### ASSIGNMENT
Could you transcribe every record below exactly as written, excluding the pictures?

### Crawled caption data
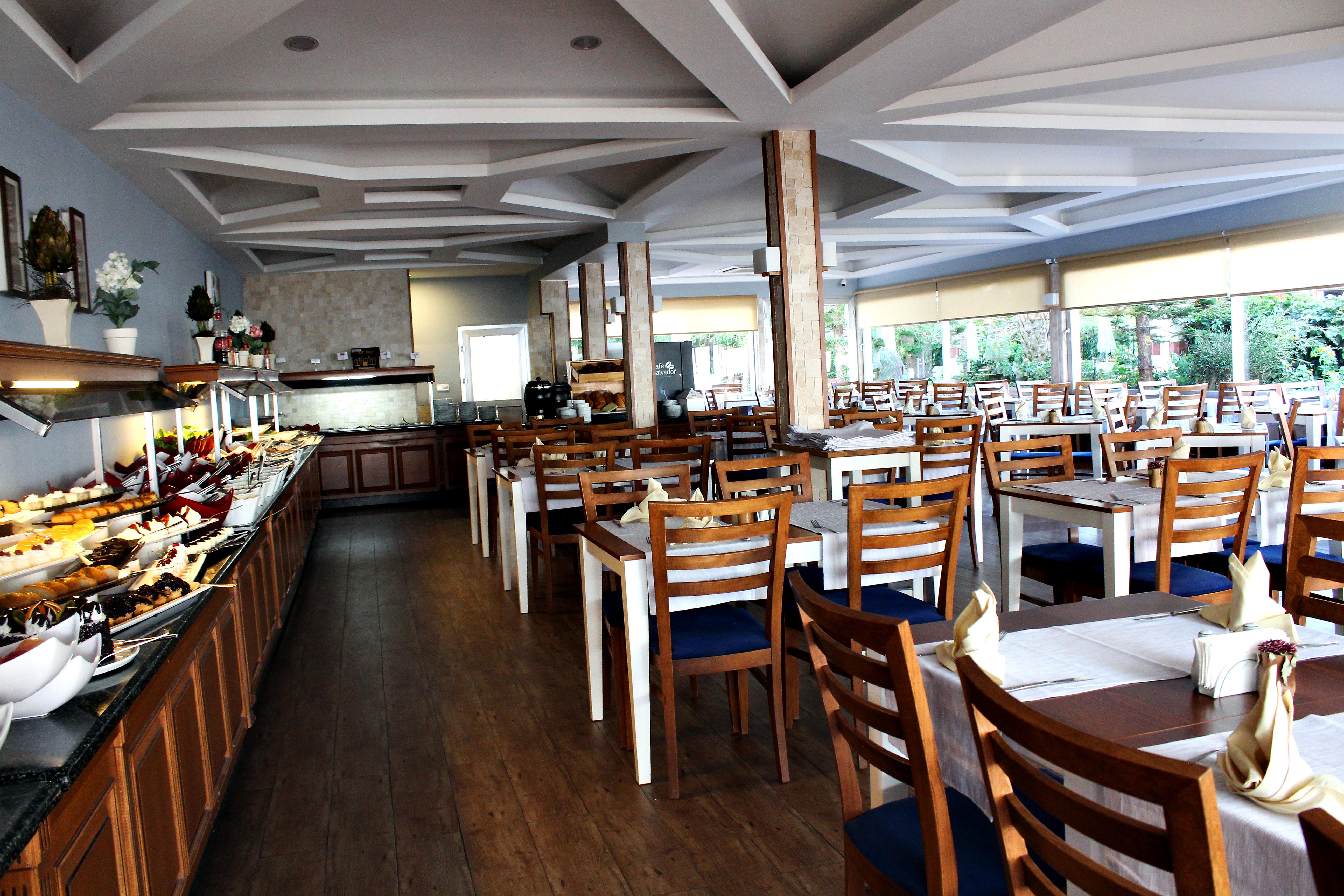 Sun Beach Hotel Side Bagian luar foto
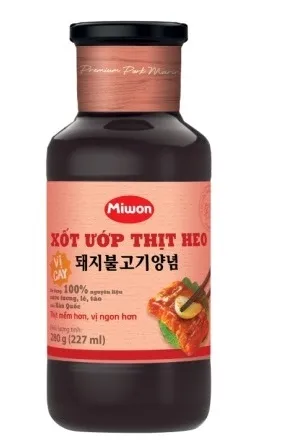 Sản phẩm xot uop thit heo icon — Công Ty TNHH MIWON Việt Nam — MST 2600109933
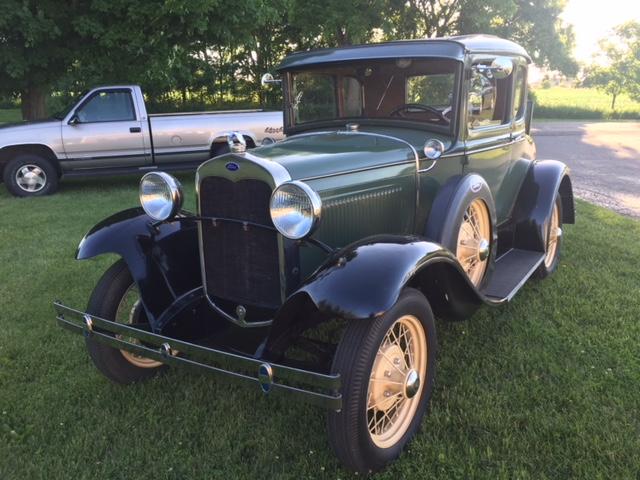 A4018187 - 1930 FORD MODEL A GREEN photo 4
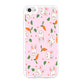 Rabbit Carrot Doodle iPhone 6 | 6s Case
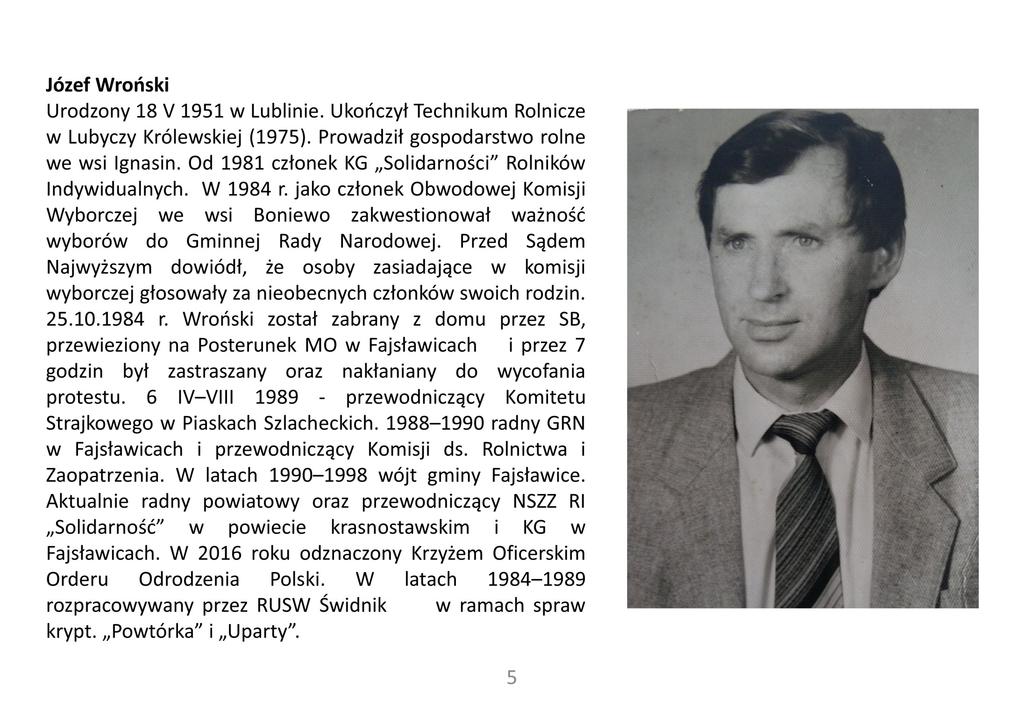 Polska Droga do wolności W związku z przypadającą w tym roku 30.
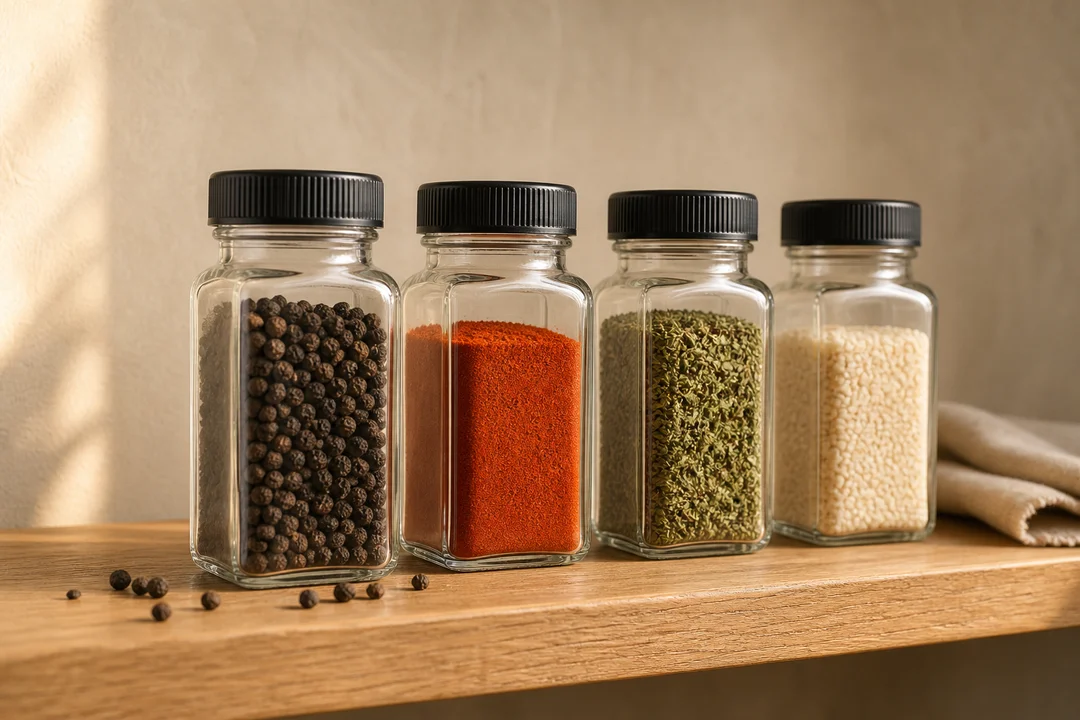 Square Seasoning Bottle – 60 ml (view 2)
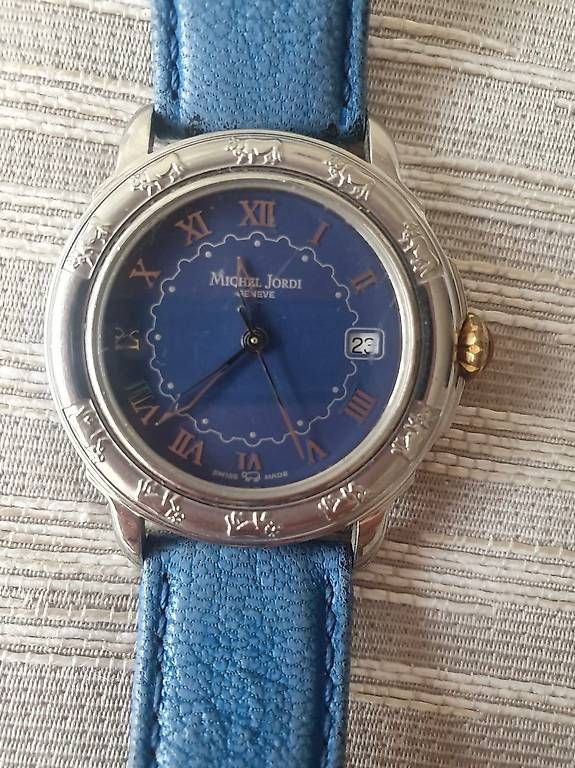 Orologi: Michel Jordi-Quarzuhr, 2003 – Usato da Buchs ZH venduto da Forum5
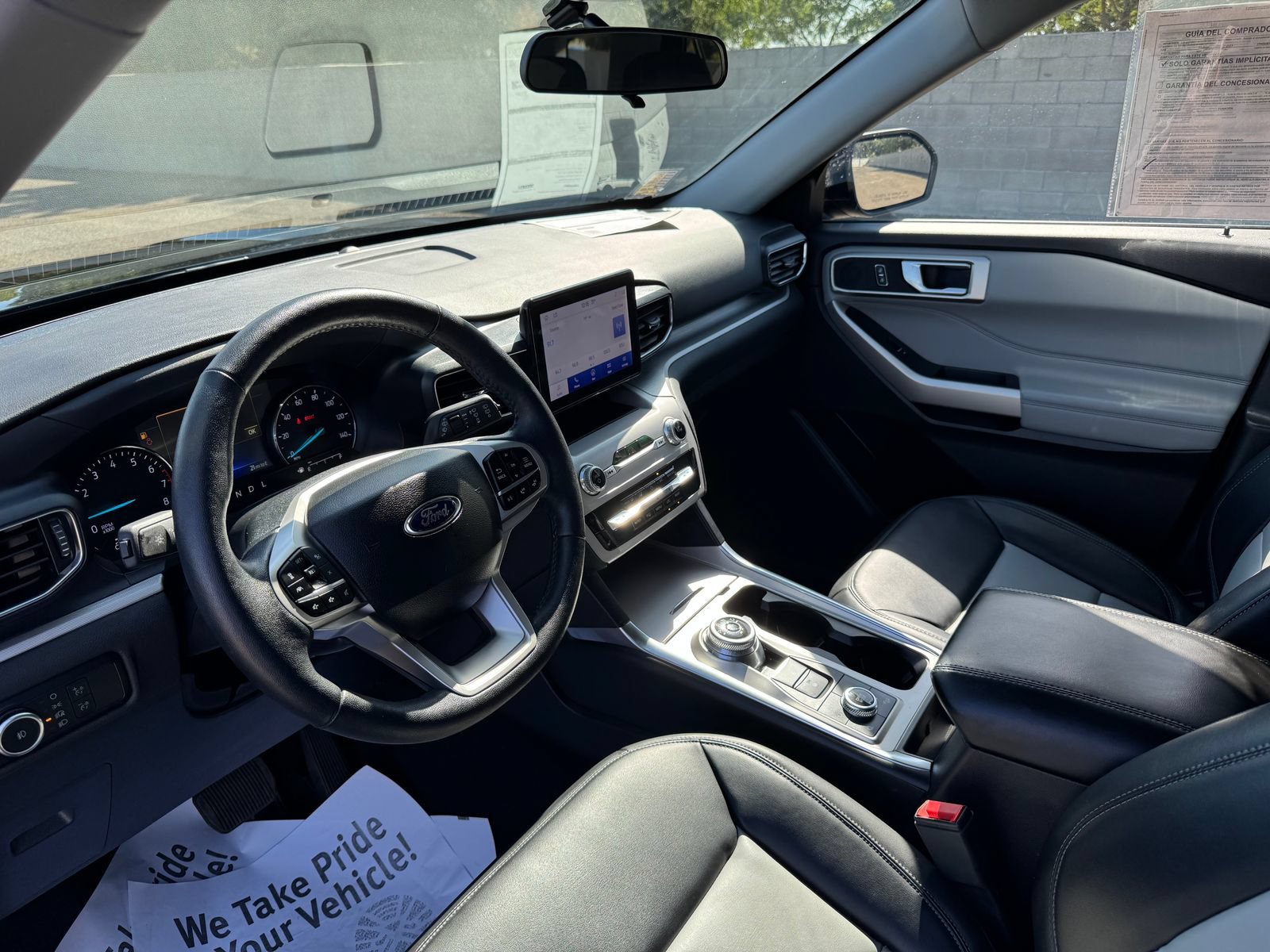 Certified 2023 Ford Explorer XLT w/ Equipment Group 202A AWD/4WD image 10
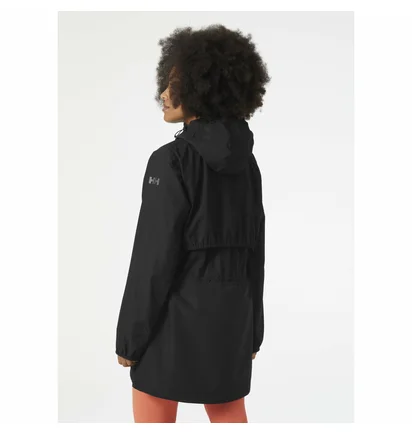 Парка женская Helly Hansen Essence Mid Rain Coat Black 53971-990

### WRITTEN SOLUTION
 Sun Beach Hotel Side Bagian luar foto
 Sản phẩm xot uop thit heo icon — Công Ty TNHH MIWON Việt Nam — MST 2600109933
 A4018187 - 1930 FORD MODEL A GREEN photo 4
 Rabbit Carrot Doodle iPhone 6 | 6s Case
 Polska Droga do wolności W związku z przypadającą w tym roku 30.
 Square Seasoning Bottle – 60 ml (view 2)
 Orologi: Michel Jordi-Quarzuhr, 2003 – Usato da Buchs ZH venduto da Forum5
 Certified 2023 Ford Explorer XLT w/ Equipment Group 202A AWD/4WD image 10
 Парка женская Helly Hansen Essence Mid Rain Coat Black 53971-990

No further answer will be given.